The electrical wiring challenges were left to Gauck, a CSU civil engineer, who said he used steel thread to run the panels down to a converter (about the size the size of a deck of playing cards). The converter resides in an inside pocket and can be plugged into a phone, MP3 player or GPS.

After just one school year, the students admit there are many hurdles that remain, but they see their project as another step toward more electric clothing in the industry. They are working with CSU to patent some of their findings, and keep an eye out for any new technologies that could help advance their efforts. One such advancement comes from MIT, where researchers have developed solar cells that can be printed on fabrics.

“Technology is here to stay.” Garey said. “There are a lot of people that like to go off the beaten path, but still want to be connected to their electronics.”

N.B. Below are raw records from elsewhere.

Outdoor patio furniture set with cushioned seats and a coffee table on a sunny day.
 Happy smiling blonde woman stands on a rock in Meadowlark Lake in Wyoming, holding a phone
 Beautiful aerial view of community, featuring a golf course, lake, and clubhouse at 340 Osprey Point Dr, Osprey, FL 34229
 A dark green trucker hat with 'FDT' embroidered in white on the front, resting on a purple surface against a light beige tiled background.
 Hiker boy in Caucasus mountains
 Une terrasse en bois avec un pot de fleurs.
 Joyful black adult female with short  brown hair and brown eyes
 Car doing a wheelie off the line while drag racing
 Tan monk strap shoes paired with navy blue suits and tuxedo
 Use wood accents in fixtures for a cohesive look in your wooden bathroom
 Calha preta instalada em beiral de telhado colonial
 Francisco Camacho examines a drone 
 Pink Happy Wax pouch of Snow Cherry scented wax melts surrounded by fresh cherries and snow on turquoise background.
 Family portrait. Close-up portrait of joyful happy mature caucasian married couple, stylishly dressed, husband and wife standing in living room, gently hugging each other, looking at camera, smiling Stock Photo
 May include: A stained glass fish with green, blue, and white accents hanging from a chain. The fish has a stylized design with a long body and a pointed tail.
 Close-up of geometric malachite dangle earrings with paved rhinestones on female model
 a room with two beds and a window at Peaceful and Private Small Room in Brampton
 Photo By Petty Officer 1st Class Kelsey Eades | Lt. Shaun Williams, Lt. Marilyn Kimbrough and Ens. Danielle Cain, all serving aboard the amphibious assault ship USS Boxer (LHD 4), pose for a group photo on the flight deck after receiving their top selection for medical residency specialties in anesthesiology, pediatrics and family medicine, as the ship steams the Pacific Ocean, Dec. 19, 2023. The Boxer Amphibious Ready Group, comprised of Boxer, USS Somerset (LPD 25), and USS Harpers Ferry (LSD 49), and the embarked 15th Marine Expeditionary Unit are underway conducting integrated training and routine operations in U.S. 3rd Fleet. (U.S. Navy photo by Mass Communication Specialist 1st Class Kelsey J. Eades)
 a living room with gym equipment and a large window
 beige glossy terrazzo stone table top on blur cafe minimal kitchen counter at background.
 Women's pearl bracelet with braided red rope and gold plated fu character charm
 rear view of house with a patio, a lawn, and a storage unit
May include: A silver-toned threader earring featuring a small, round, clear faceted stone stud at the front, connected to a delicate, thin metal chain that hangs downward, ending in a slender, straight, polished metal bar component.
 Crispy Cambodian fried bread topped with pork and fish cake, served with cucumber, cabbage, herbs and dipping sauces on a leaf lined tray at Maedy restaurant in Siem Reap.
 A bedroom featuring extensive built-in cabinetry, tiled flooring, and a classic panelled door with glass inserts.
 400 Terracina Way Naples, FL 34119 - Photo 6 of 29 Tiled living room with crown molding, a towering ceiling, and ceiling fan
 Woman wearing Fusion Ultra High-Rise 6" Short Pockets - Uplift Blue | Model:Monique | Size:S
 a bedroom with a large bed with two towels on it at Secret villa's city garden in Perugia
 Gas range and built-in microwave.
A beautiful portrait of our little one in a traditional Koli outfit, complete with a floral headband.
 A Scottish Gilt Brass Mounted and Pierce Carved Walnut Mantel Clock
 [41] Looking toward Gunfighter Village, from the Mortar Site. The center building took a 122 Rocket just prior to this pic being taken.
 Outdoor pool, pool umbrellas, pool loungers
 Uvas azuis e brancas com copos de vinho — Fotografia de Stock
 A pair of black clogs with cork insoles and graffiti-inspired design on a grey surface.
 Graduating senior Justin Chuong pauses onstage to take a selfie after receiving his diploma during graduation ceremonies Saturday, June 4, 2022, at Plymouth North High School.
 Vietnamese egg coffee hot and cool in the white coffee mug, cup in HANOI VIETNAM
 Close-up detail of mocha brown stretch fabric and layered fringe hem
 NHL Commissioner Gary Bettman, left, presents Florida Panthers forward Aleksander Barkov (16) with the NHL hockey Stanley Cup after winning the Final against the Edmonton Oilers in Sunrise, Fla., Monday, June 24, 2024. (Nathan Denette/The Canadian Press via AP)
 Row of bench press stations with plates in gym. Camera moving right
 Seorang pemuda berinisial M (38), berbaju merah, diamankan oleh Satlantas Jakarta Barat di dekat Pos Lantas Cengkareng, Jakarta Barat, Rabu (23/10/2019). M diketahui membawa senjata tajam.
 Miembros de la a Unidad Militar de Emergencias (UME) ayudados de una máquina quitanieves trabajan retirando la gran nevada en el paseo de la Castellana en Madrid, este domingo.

Electronic apparel will most certainly have a role in the future outdoor apparel, said Lindsay Vincent, director of race and resort product at Boulder-based Spyder Active Sports. Vincent, a CSU graduate, acted as third-party consultant to the project, giving students a sounding board from someone within the industry.

As solar cells get lighter, more flexible and efficient, designers will be tasked, just like the students, to incorporate the technology into designs, Vincent told SNEWS. “You just can’t slap solar panels onto a jacket. I think we’ll see a lot more creative shapes and incorporation into the seams.”

Vincent said there’s also opportunity to tap other industries where employees spend a majority of their time outdoors, such as the military and construction services.

“We’ve already seen electronics being incorporated into outdoor gear with attached volume adjusters and heated apparel, she said. “Generating the power from the clothing is the next step.”